What? Copyrights don't have rights, individuals have rights. Anyhow, if someone wants to make money from a creation, try giving a concert - not monopolizing the distribution channel and microregulating how every individual on the planet copys information at their disposal. If you want balance, then let content flow freely and charge for content related services. Content doesn't have a natural limit in supply vs demand, content related services do.
But it is. It's just a label, ...
By saying that China is "communist", what I am saying is that their political system is being held accountable to forces that are NOT in the interest of peoples liberty, or that temper abuses of government. The US had slaves on the plantation too, but accountability to fundamental political forces changed that as society moved on. Where are those forces in China? Answer, there are none other than from us and from resistance in China that we should not be helping the Chineese governemnt quell.
I don't know how you "know" that. I strongly suspect it ain't true. It's true without a shadow of a doubt that chinese, particularily those living in the more modern cities have *enormously* much better access to western news and communications today than they did 10 years ago. You're free to consider this real improvement irrelevant and go back to shouting "Communists!" offcourse.

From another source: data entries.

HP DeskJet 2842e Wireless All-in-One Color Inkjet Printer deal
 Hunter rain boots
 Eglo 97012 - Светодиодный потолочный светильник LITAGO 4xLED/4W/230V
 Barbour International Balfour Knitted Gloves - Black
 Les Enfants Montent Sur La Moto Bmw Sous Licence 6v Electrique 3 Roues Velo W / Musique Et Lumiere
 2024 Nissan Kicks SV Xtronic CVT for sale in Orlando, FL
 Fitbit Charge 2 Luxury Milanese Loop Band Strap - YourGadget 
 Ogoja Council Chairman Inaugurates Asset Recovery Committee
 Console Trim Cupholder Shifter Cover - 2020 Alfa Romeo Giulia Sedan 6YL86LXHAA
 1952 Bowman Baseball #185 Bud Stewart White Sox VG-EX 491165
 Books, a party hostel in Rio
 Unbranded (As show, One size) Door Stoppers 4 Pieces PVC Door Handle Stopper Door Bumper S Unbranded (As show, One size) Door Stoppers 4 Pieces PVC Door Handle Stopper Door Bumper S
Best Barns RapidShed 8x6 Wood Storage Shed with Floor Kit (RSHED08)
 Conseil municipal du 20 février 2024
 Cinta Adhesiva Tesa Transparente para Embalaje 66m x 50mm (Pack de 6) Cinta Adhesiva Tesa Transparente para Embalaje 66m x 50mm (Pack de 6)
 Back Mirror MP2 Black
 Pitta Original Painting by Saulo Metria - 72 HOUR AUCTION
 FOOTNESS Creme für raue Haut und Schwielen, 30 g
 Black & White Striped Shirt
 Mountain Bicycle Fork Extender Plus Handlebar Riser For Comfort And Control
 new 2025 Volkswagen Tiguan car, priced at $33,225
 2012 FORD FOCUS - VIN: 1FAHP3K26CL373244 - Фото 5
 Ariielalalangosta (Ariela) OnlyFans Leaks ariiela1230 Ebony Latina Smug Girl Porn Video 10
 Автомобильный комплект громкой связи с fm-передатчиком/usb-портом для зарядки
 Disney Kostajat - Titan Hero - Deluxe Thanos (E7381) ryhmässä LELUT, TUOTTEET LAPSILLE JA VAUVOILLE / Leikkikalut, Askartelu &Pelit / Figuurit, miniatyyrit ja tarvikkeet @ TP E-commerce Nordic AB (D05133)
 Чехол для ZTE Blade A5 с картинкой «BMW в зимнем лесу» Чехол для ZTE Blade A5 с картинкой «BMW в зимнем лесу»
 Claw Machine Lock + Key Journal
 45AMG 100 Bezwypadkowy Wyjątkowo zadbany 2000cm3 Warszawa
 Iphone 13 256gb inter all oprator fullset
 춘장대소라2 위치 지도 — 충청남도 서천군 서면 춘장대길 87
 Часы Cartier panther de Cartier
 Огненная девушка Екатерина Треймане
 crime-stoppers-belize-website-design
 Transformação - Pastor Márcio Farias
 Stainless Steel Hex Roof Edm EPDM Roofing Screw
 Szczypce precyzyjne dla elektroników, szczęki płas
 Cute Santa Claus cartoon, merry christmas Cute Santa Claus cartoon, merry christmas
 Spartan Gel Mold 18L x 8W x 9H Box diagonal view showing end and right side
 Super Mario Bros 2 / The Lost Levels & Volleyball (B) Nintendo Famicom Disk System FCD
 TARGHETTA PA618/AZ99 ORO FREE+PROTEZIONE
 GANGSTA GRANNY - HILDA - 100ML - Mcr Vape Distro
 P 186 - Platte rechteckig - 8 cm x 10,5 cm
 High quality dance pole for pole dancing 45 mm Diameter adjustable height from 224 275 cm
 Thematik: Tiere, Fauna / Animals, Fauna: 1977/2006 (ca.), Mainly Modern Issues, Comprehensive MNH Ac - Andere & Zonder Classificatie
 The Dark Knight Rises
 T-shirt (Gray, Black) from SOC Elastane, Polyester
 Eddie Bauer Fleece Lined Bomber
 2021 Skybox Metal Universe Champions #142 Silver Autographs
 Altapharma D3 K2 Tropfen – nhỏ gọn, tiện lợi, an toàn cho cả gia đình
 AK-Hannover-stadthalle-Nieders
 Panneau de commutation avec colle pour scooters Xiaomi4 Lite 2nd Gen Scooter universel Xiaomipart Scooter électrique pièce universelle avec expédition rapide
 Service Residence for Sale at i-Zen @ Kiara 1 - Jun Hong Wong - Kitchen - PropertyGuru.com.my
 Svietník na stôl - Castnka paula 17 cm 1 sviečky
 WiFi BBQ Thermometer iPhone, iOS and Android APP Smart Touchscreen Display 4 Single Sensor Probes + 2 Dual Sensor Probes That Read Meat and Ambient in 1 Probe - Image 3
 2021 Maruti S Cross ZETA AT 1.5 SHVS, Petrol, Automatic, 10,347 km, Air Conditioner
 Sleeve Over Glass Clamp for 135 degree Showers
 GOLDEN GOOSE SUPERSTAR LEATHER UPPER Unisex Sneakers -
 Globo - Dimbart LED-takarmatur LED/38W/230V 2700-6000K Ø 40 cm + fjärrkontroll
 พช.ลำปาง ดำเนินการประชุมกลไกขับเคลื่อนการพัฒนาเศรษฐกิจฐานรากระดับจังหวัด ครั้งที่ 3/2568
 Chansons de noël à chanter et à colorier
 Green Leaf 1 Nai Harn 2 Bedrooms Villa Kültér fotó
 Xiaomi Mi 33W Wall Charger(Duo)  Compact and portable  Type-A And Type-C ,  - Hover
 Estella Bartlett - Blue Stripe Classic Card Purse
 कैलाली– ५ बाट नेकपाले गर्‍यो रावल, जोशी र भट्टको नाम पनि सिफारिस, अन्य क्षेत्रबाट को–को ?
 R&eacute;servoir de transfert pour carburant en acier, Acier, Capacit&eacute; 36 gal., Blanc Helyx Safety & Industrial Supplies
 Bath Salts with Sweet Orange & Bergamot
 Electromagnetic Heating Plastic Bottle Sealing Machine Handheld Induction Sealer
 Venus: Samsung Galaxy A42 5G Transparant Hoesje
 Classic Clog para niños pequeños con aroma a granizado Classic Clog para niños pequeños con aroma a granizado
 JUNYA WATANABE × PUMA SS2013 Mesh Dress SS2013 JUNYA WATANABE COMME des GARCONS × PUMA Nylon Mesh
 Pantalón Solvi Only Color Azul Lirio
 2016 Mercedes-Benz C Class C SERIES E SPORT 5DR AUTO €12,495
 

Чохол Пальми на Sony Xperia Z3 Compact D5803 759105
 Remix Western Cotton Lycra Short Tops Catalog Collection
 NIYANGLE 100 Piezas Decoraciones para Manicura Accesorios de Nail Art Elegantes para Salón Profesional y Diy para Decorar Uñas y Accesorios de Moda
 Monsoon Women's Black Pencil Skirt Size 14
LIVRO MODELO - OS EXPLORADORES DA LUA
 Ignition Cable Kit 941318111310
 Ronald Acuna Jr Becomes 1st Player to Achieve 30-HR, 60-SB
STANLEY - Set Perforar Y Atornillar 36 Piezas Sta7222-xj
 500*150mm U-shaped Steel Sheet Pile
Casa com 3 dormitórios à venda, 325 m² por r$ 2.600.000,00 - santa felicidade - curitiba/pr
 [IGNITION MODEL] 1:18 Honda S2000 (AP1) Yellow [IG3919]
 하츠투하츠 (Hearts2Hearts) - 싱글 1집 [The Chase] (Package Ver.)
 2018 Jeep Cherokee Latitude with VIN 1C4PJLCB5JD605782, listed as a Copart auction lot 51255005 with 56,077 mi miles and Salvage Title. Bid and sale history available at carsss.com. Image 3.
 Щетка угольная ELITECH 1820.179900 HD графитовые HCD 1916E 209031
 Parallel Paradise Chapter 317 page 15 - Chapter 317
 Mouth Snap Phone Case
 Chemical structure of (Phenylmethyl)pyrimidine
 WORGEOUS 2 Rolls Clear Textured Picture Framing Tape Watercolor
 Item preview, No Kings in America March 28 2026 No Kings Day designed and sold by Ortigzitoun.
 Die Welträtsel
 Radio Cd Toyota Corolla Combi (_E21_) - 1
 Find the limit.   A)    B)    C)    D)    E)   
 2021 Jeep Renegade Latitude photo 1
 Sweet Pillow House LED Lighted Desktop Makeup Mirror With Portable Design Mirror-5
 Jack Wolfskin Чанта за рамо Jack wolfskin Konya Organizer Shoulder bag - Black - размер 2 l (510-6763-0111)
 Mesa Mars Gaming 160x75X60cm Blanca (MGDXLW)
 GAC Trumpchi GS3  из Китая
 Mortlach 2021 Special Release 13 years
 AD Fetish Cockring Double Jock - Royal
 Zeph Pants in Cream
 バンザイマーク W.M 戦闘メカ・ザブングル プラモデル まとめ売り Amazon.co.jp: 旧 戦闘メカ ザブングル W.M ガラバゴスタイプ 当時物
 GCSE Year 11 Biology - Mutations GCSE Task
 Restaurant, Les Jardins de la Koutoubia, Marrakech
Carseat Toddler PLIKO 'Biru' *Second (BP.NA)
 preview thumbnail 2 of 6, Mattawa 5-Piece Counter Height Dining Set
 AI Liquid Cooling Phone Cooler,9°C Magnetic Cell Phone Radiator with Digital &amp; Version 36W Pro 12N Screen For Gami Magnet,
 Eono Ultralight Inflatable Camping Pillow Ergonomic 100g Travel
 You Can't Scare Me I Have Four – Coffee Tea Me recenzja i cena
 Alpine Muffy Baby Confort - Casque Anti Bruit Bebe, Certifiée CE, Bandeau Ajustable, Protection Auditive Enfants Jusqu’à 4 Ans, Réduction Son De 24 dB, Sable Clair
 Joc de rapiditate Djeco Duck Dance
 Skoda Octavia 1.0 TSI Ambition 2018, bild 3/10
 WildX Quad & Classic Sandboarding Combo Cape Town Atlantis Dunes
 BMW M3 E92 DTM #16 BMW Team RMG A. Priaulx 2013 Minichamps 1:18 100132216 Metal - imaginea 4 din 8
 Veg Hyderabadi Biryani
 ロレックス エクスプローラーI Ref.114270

Many of these changes were forced as people in China stood up to the Chineese government, now American businesses come in and don't want to stand up to the Chineese government. We had better, or the goose that has laid the golden egg will get killed.
Ok fine, they don't need to say the Chineese government is a "piece of shit", ... as if I literally ment they should say that anyhow. But as long as people refuse to insist that the problem IS the Chineese governemnt and act accordingly then they are helping noone.
What's your solution by the way ? Invade tomorrow ?
The solution for now is simply to not appease the Chineese government.
http://davidlita.googlepages.com/copyrights
Don't you think you should be worrying about the lies from your own government before critising others?
Why is it that just because my own government is trying to act criminal should it mean that I need to stick a bag over my head and pretend that other governments aren't being criminal even moreso?
This all leads to the simple conclusion, that communism (as much as capitalism or all other -isms) are just minor technicalities only mostly happy people with nothing better to do can worry about.
Philosophies like "statisim" and "libertarinisim" are not just some nice little philosophies that sit on the clouds. They involve belief systems, and these belief systems lead to chioces, and these choices have conesquences. If people don't care, it is only to the extent that they don't realise the consequences of their choices. Do the leaders at google, yahoo, and cisco really understand the consequences of their choices other then beyond the next quarterly report? It sure seems like they don't care, which means that we as customers must - or else.
like you haven't give a lot of your rights away recently.
The truth is that I do not trust any government to respect my liberties, but all else being equal ... I would much rather have a government whose foundation is built on laws like the right to bear arms, and the freedom of speech, than have one whose foundation is built on the right to take from people and controll them in the name of some nice sounding excuse like "stability" or freebies coerced at everyone elses loss.